Upanishads are Pramana for knowing the Self. Pramana means that which is the means of knowledge. Upanishads are unanimously accepted by all the different sects of Hinduism as the 'means of knowledge' for the knowledge of Self, just as direct perception is the means of knowledge to know the forms & colors of the things outside. Having known color etc. of an object directly with our own eyes we never require any other means to substantiate this knowledge. That is what is meant by pramana. The Self which is the very knower behind all knowledge is not available to be known by any other means of knowledge. It is not an object of perception and therefore Pratyaksha Pramana (Direct Perception) is not applicable and so also any other pramana which depend on direct perception in some way or the other. Upanishads are sabda-pramana and are independently capable of revealing the Self when expounded by a competent teacher to a competent student. One should do the sravana of Upanishads, which means that the real vision & message of Upanishads should be discerned with the help of a teacher. Unlike the Karma-kanda of Vedas the Upanishads do not have any do's or don'ts, they are just revelatory in nature. They reveal the truth, which is an end in itself. Being pramana they are looked upon as definite as the principles of science. There is nothing more higher than the Upanishadic reference on something. This is taken with greatest reverence.
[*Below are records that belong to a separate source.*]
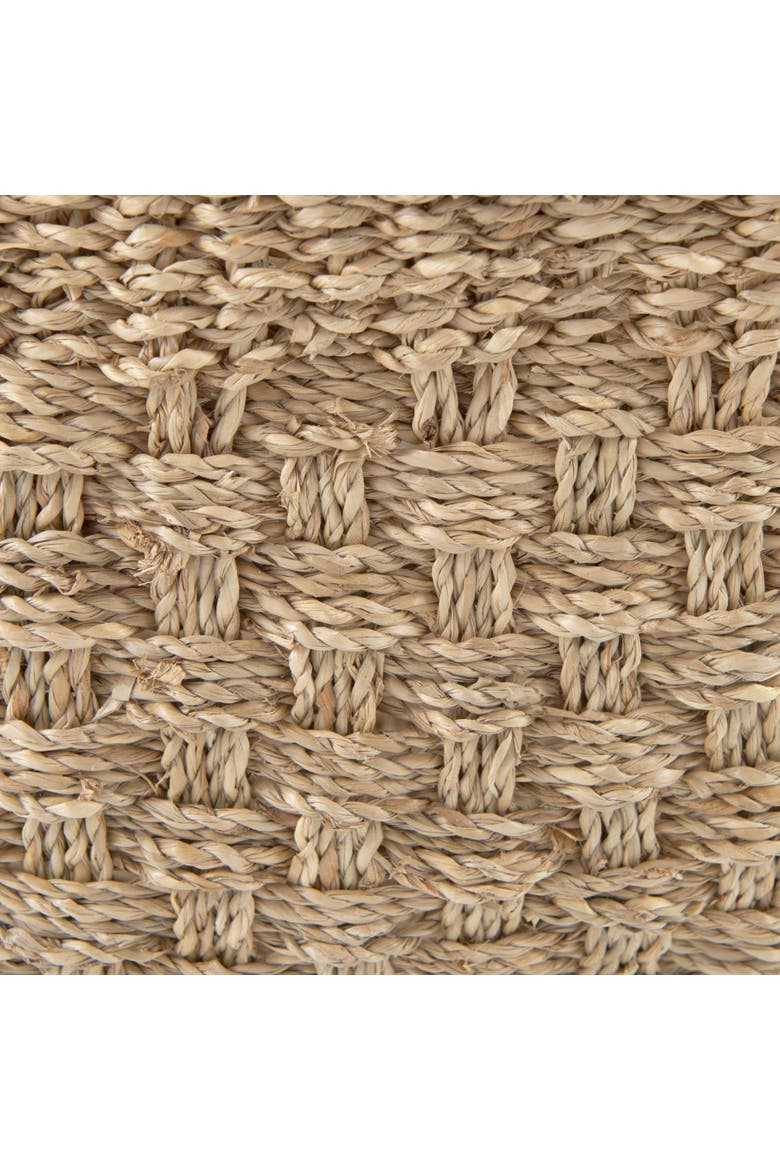 Emra Set of 3 Seagrass Rectangular Basket, Alternate, color, Brown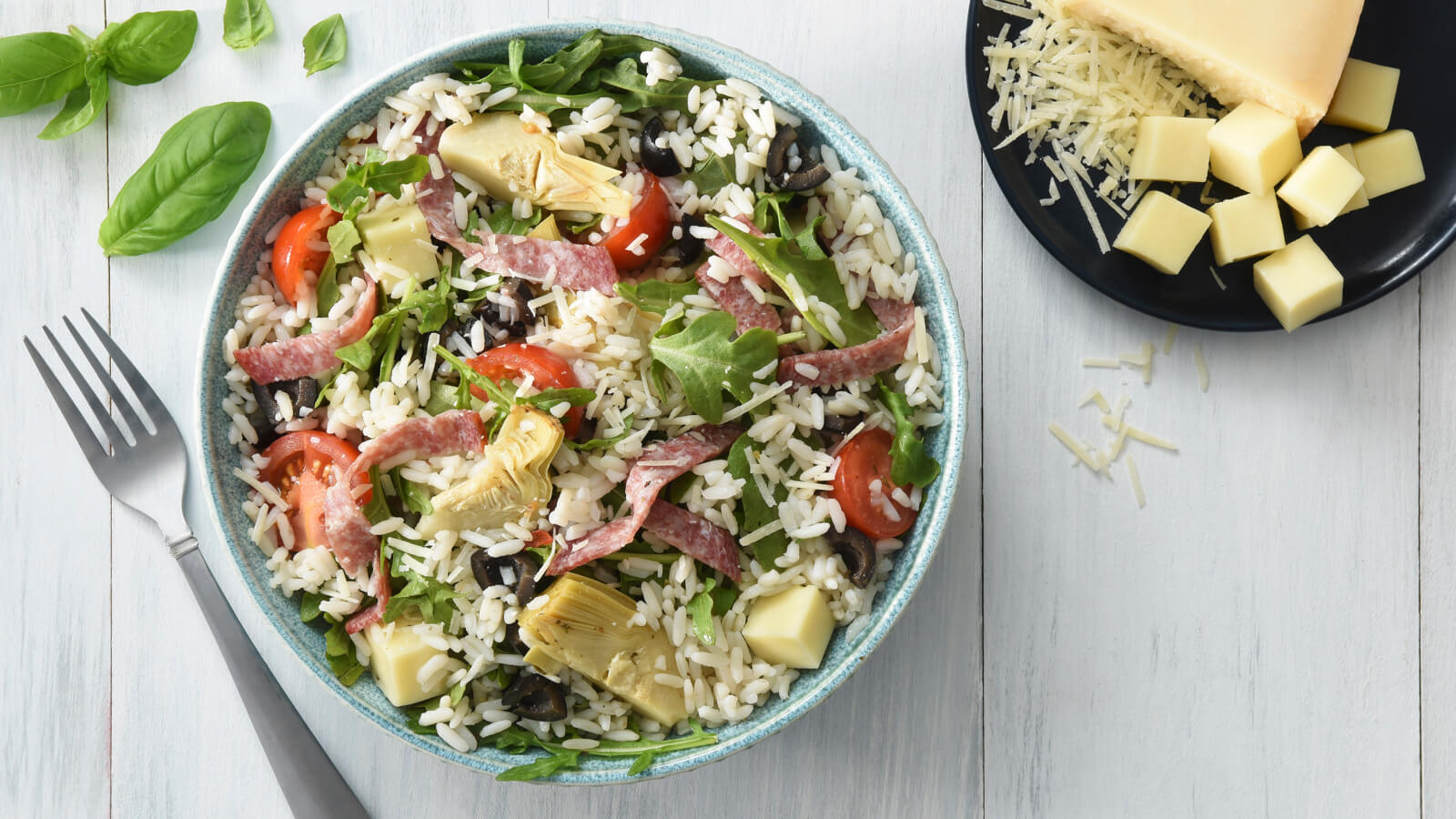 Italian Rice And Antipasto Salad With Arugula Success Rice
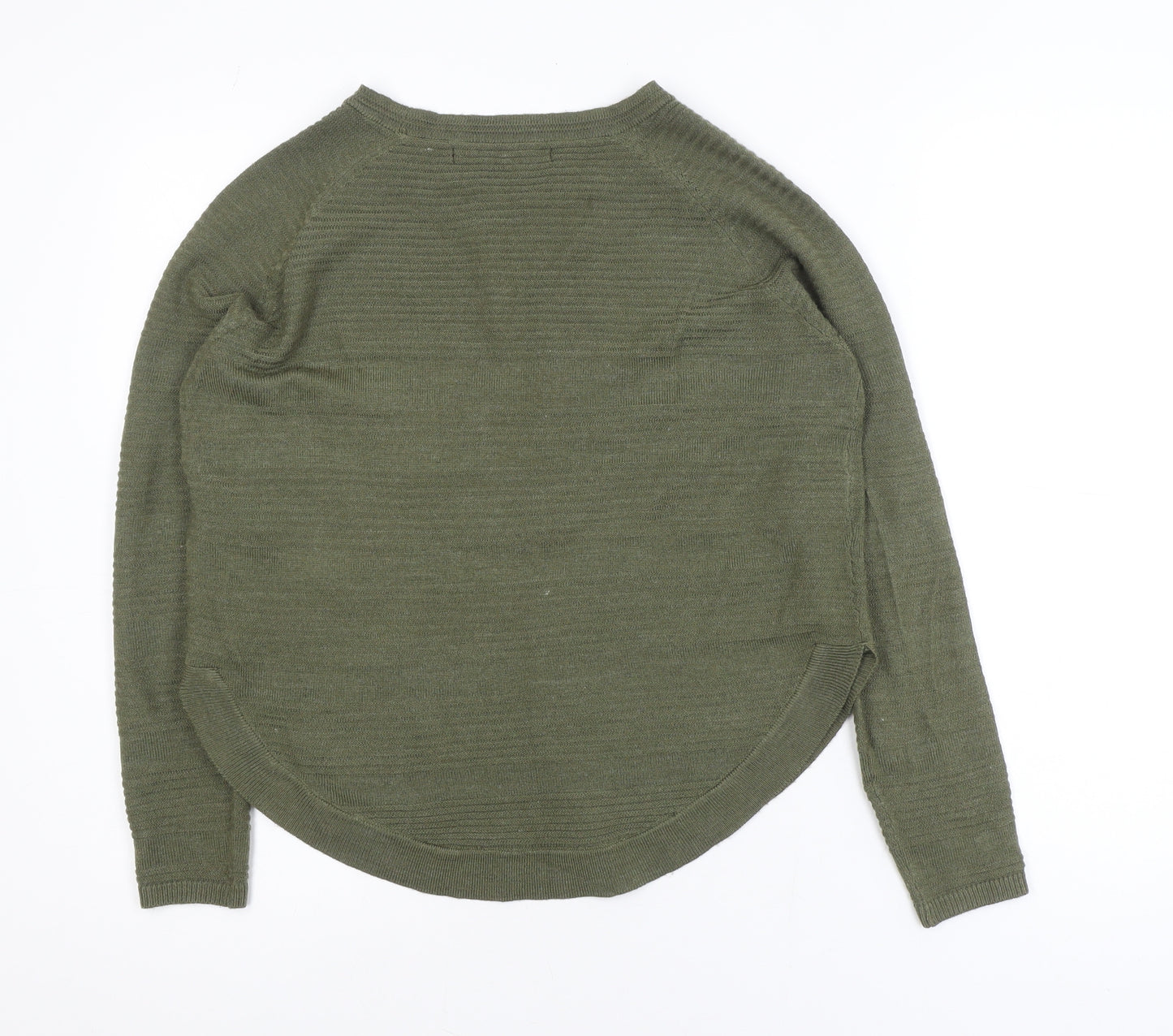ONLY Women Green XS Crew Neck Long Sleeve Pullover Jumper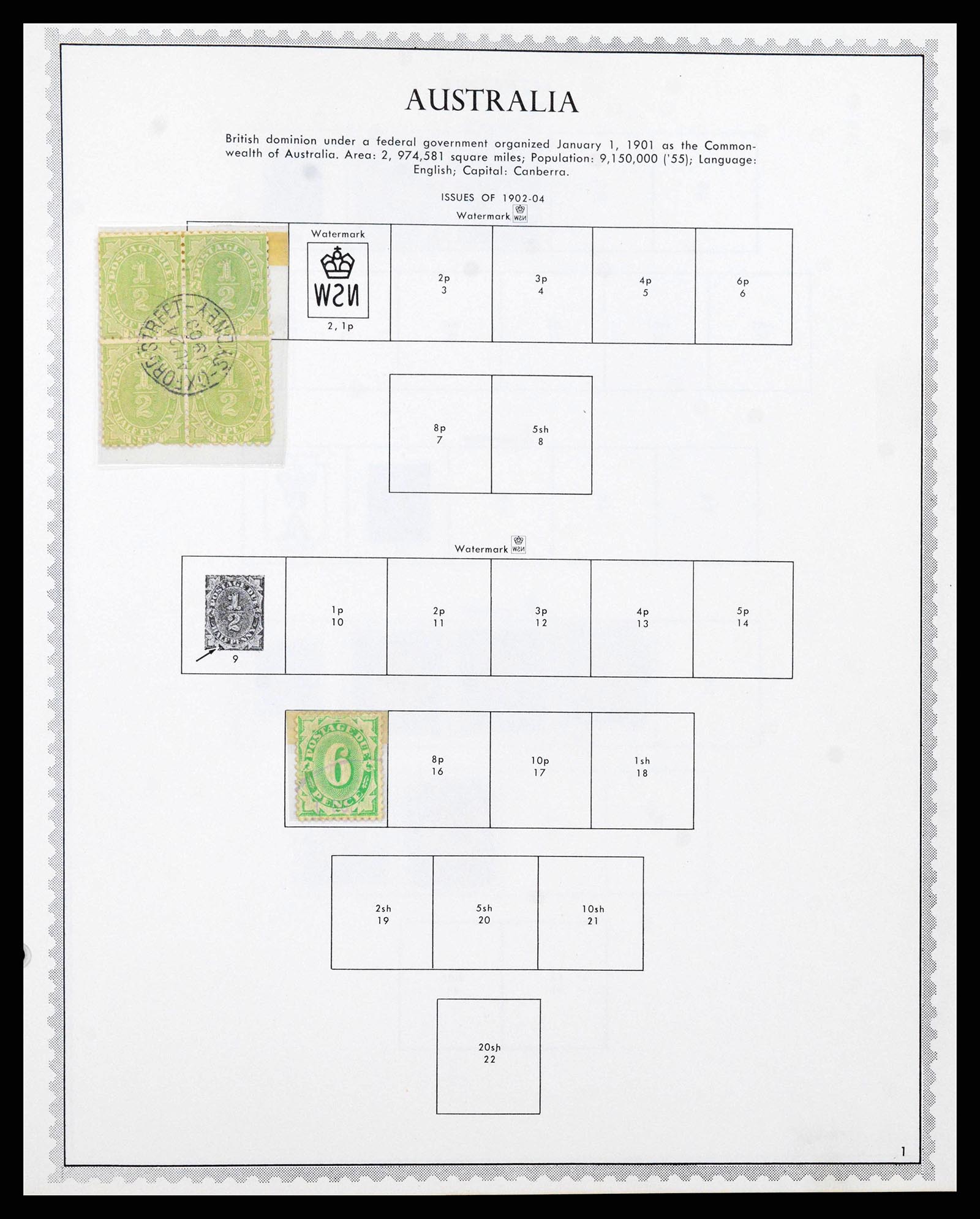 37774 0003 - Postzegelverzameling 37774 Australië en gebieden 1913-1998.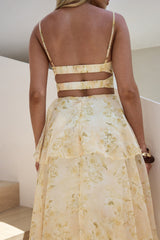 Shining Suns Maxikleid Gelb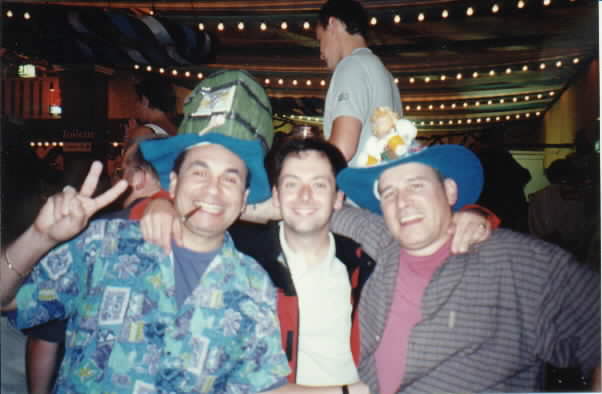 Ed, Greg, and Ron After A Few Liters.  Check Out The Hats!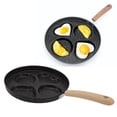 thumbnail image 1 of Egg Frying Pan, Oil Free Prevent Stick Ergonomic Handle 4 Cup Egg Frying Pan Multifunctional  For Family For Breakfast, 1 of 8
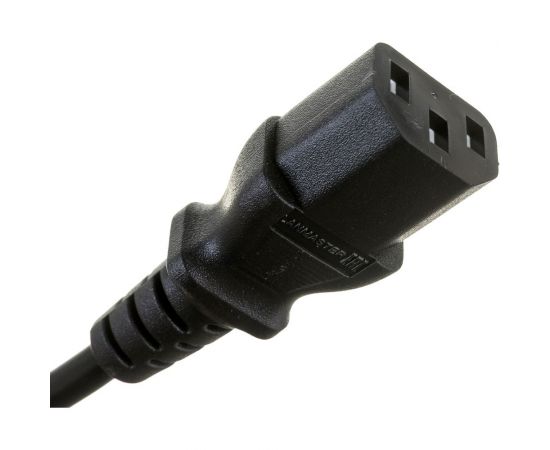 Шнур питания LANMASTER C13-Schuko угловая, 3х0.75, 220В, 10А, черный, 5 м LAN-PP13/SHA-5.0-BK – изображение 3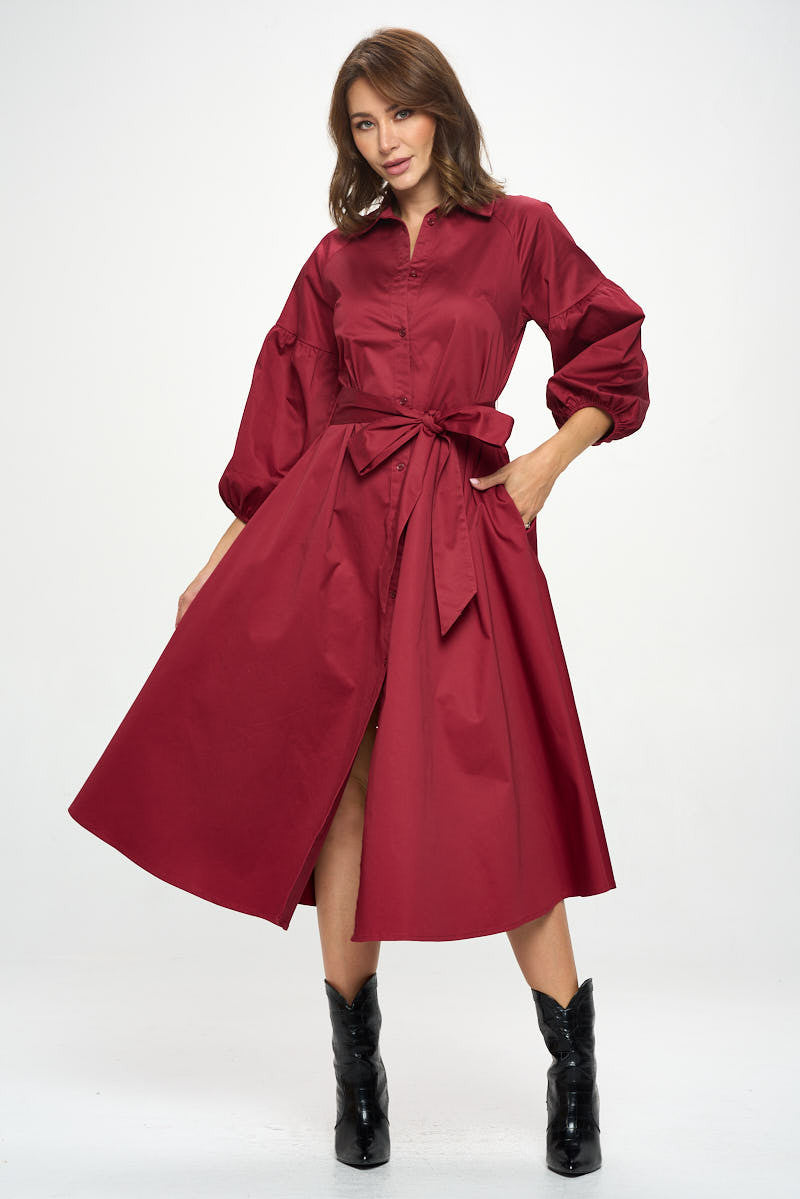 Maxi Shirt Dress-1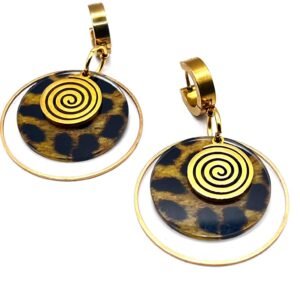 Auskarai „Leo“ auksinis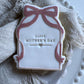 Elegant Bow Arch Cookie Stamp & Cutter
The word Upanishad is formed from the root 'sad' with prefixes upa and ni. There are three meanings of the root, to loosen, to lead somewhere and to destroy. Upanishad represents that knowledge which loosens something pertaining to the self (something very near), it loosens our various misapprehensions regarding ourselves, and finally it leads us to the direct knowledge of the truth of ourself. Basically Upanishad means knowledge and not a class of literature or text. The word is used for texts only in a secondary way. Taking secondarily it to be a class of text, then we have various Upanishads. All of them are equally respectful, but today some of them are referred to as the major Upanishad and some are called the minor ones. The reason for this is simply that on some Upanishads we have very beautiful commentaries by our great Acharyas. Because of this it is easy to get proper insights into the vision of Upanishads, and thus they are preferred to be studied first. That is the only reason why they are referred to as major Upanishads. The Upanishads on which Sri Adi Sankara has written his bhashyas are Isa, Katha, Kena, Aitreya, Taittreya, Mundaka, Mandukya, Prasna, Chandogya and Brihadaranyaka. The division of these major Upanishads in the Four Vedas is as follows :
Rig Veda - Aitreya
Sama Veda - Kena and Chandogya
Yajur Veda - Isa, Katha, Taittreya and Brihadaranyaka
Atharva Veda - Prasna, Mundaka and Mandukya
These ten upanishads become a 'must-study ' for all those who want to discern the real purport of Upanishads. It is needless to say that these Upanishads should always be studied along with their commentaries (bhashyas) and that also through a competent teacher alone.